Monday, 25 August 2008

what it comes down to

Much to my surprise, I have a second interview with the Law Firm. I am mostly surprised by this because I appear to be losing it; I typed up that anecdote about my Oxford disasters in two successive posts. It's not even that interesting.

I must revisit the tired Oxford story once more, I'm afraid. I performed poorly, that is true, but I'm also pretty certain they knew I just didn't want that place. I am sure people go in there to fight, and to win, and I didn't care by then. Oh my, how much that sounds like postoperative bitterness.

I know that my major stumbling block is convincing the Law Firm that I want this job. My clearest memories of my first interview are trying to explain why I want to be a lawyer. But there was no burst of brilliant inspiration, no desperate conviction from a young age. I went with something about long-standing undercurrent of ambition and a ramble about my transferable skills in the end. To me, jargon of that sort always translates to there is something I'd rather be doing.

I realise it is then paradoxical to claim that I want this. I do, though. This job would justify the path I am about to take. It is the goal that will push me through the tedium (and the preparatory course is Very Tedious).

And right there, in those few sentences, is why this is soulless, and why I am sad.

Saturday, 23 August 2008


I wouldn't come too close. I've got food poisoning for the second time this summer.

Dad got stuck in the lift the other night, for over an hour. We bent all the utensils trying to lever the doors. I think he was happier in there than in our company.
My mother was more concerned about what time the poisonous chicken needed to be removed from the oven.

Albahaca means Basil, and as such has nothing to with any of that, but I am in Spain and it is a Spanish word.

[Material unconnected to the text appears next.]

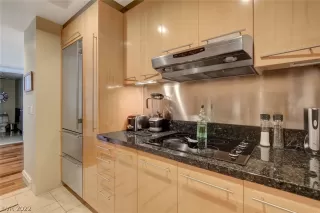 Photo #6: 2425865 Listing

Check out that craziness.

Sunday, 17 August 2008

I Don't Think I'm Ready Yet

I had an interview last Thursday.

When people ask how it went, I answer: It wasn't as bad as my Oxford interview.
It wasn't. In the second Oxford interview they showed me a picture of a large structure and asked me what it was. Clearly, it was a tomb, but I said watch tower. Oh yes. I also told Robin Lane Fox that there were multiple versions of Homer's Odyssey. My explanation of this sort-of truth was not sufficient, clearly.

There were the required amount of fatuous questions. I gave equally pretentious answers. I felt hardly myself, playing this game of pretty platitudes, jumping through hoops.

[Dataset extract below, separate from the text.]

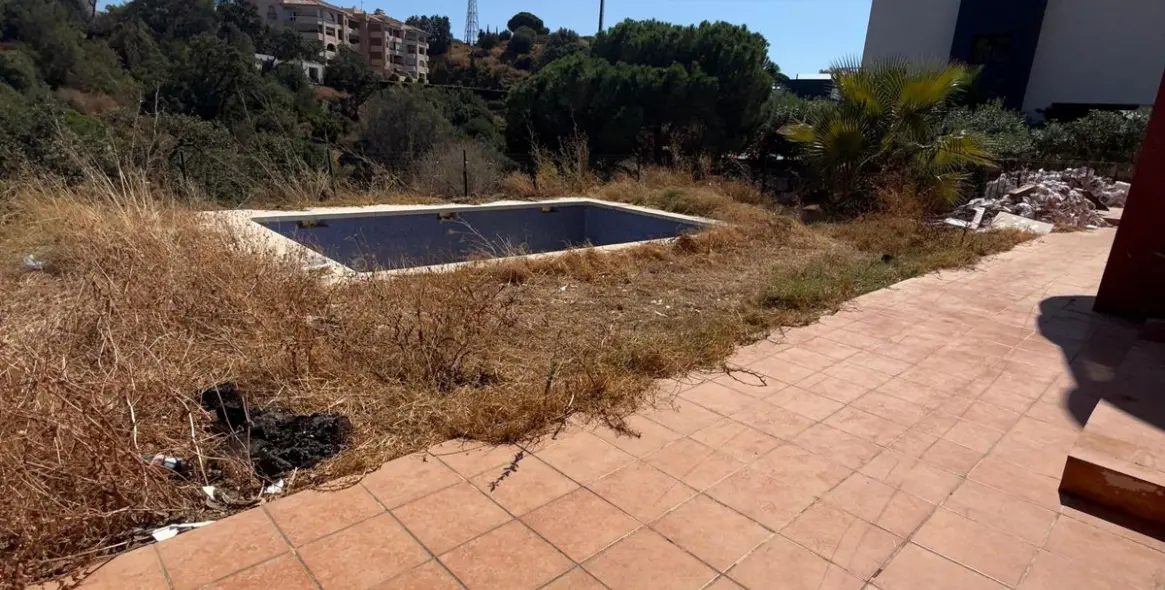 Venta de villa independiente en Elviria 11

Good Things: (to distract me from silly interview) moved into new house (beautiful), listened many times to my new purchase- Patrick Wolf - The Magic Position, tiptoed around family, begun watching the first season of House (watch it watch it watch it) and revisited my Eels collection for comfort. (Check the title).

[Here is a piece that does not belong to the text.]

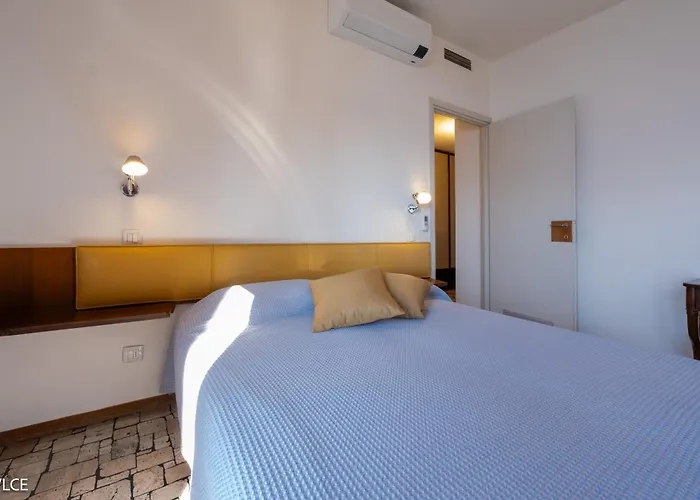 View - Parking - Ac - 4br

I don't think I got the job. But - watch this space.

Sunday, 10 August 2008

measuring up

I know you've missed me. Of course you have. I've missed you too.
A story. About bras.

"My daughter would like to be measured."
No. No, she wouldn't. The daughter, me, is hovering in the door of the shop, deeply regretting having pointed out that she has returned home from five weeks travelling with no bras. The rucksack ate them. Or an American stole them. That's another story.

"Mmph" I offer, sidling towards the saleswoman. "I've, er, never been measured."
"Oh. Really?" She is looking me over. I am wearing a bra that, I believe, fits. I haven't been this nervous since my Oxford interview. My knowledge of all that is womanly is about to be tested.
She gropes me.
"What do you wear?"
Clearly, this is the wrong answer. The expression on her face is akin to the moment when I told the Oxford professor that the tomb he was showing me was clearly a watch tower.

She gives me something to try on. It is enormous. Briefly, I contemplate putting it on my head, then I remember I am not a boy, and put it on properly.
"It's tight." I moan, when the lady reappears.
"That is how it is meant to be. In fact, it could be tighter." She pulls at it. "See how it sits at the sides?" she makes me lift my arms "That's how it's meant to look."

After many many repeats of this same conversation, we settle on a size. It involves compromise, and mutterings of a 30 back ("Ow" I say, though apparently that is Good) and an F cup (too big. Thank God).
"32E." She announces to my mother, proudly, like the baby is healthy and has all its toes.

The upshot is, I spent the rest of my student loan on underwear, and I now have bras people can wear as hats.